■ Exercise prompt ■
Scan the records beneath this line for the line holding "كلاراكو مجموعة مستشعرات" and the line holding "Log houses, an", then transcribe exactly those two and all lines between.

Web page caption snippets
☆ ☆ ☆ ☆

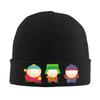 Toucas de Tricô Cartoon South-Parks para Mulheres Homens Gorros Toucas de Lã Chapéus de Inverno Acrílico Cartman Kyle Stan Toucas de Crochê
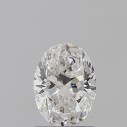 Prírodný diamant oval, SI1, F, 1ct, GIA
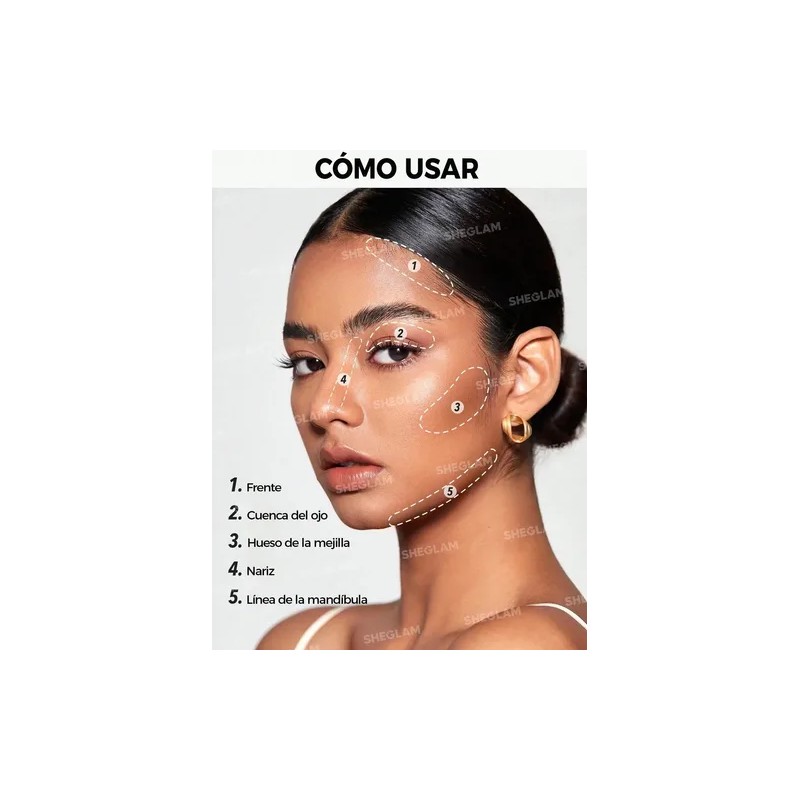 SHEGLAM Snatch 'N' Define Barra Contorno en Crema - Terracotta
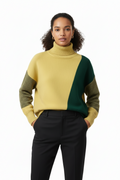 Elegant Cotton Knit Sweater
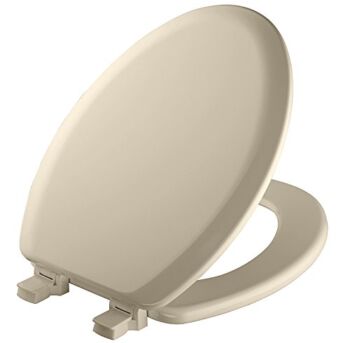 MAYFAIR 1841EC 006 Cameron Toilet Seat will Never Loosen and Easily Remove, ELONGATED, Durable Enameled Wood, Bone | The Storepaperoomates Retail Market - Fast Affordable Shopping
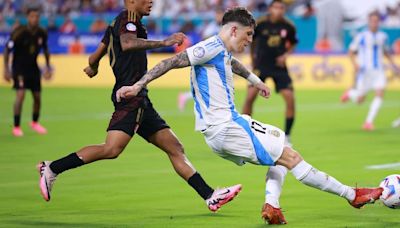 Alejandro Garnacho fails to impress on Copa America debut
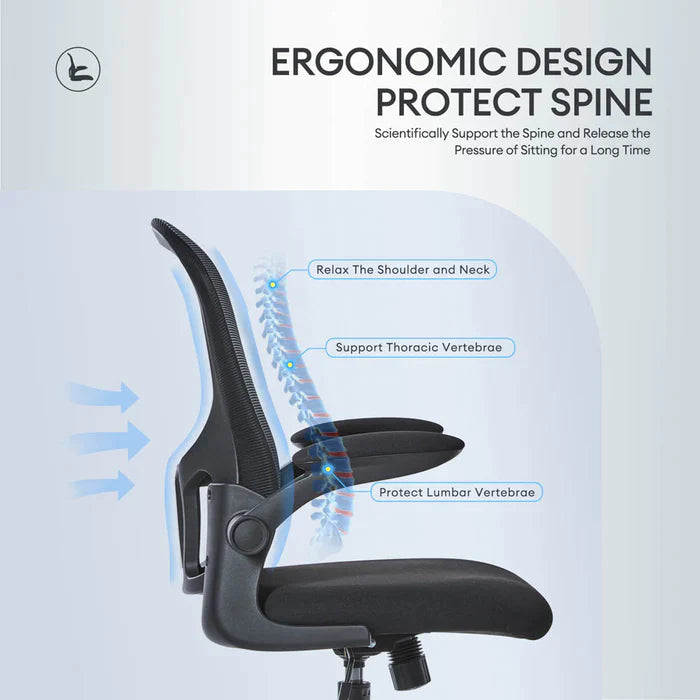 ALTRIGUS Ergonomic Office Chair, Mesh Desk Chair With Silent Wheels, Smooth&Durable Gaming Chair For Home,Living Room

☆ ☆ ☆ ☆

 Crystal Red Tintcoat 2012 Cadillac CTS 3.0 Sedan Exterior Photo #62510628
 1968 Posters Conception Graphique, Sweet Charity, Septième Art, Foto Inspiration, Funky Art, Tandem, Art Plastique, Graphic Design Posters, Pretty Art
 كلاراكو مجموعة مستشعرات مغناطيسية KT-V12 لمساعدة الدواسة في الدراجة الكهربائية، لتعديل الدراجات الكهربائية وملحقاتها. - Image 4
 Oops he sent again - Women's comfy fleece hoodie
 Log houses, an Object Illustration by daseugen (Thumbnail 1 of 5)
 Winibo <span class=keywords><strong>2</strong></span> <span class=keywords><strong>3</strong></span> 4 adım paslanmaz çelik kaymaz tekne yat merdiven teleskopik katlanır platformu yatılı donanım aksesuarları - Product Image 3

☆ ☆ ☆ ☆

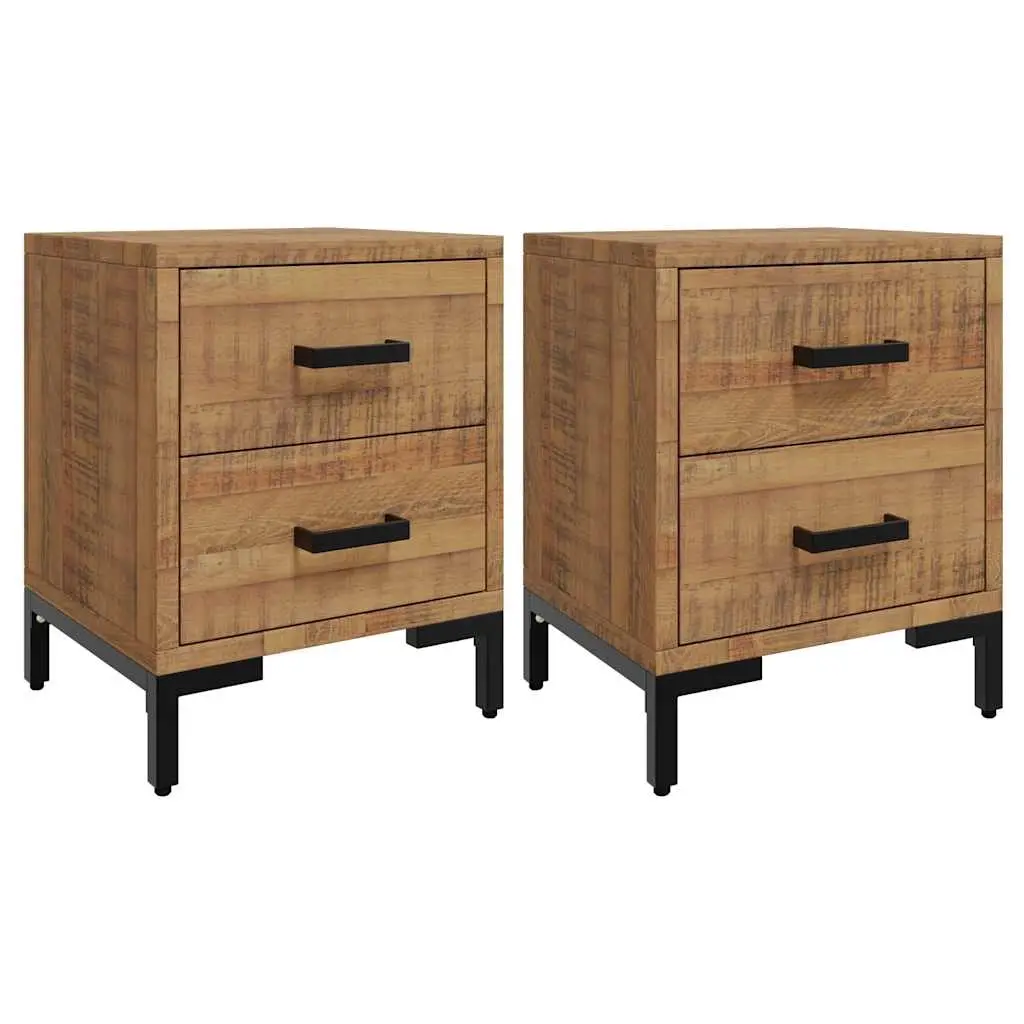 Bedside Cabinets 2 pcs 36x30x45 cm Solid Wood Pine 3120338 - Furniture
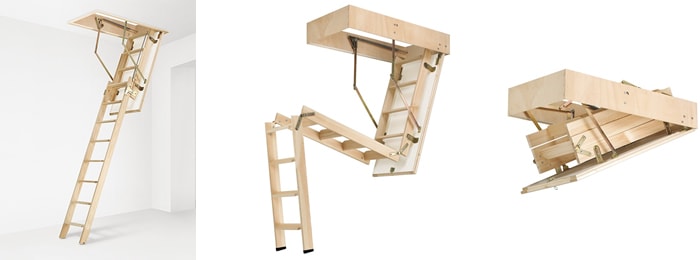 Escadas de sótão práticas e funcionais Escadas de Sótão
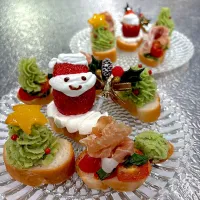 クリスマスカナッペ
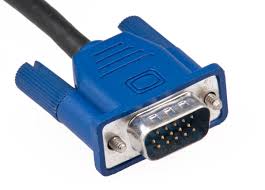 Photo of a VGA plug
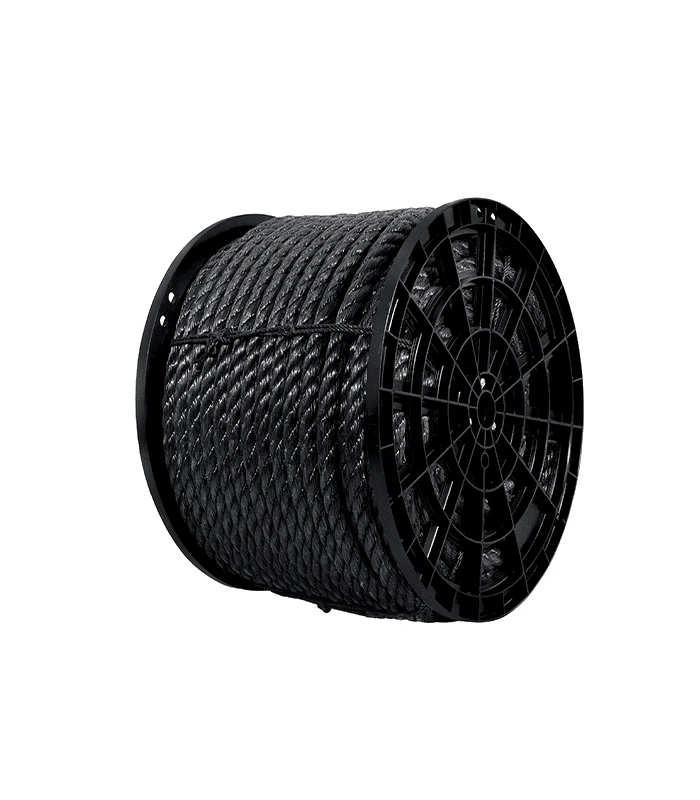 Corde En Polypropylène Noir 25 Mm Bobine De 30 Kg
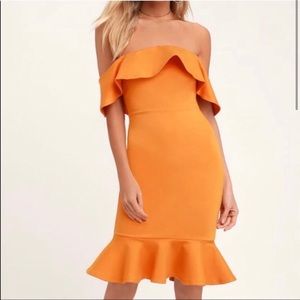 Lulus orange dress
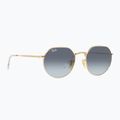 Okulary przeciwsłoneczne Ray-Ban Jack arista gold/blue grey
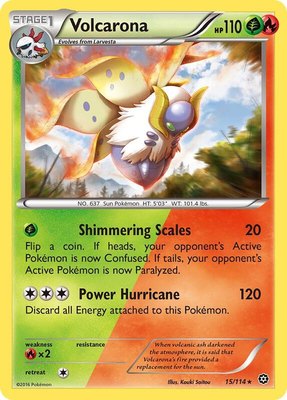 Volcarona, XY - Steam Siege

☆ ☆ ☆ ☆

■ Answer for the task ■
 كلاراكو مجموعة مستشعرات مغناطيسية KT-V12 لمساعدة الدواسة في الدراجة الكهربائية، لتعديل الدراجات الكهربائية وملحقاتها. - Image 4
 Oops he sent again - Women's comfy fleece hoodie
 Log houses, an Object Illustration by daseugen (Thumbnail 1 of 5)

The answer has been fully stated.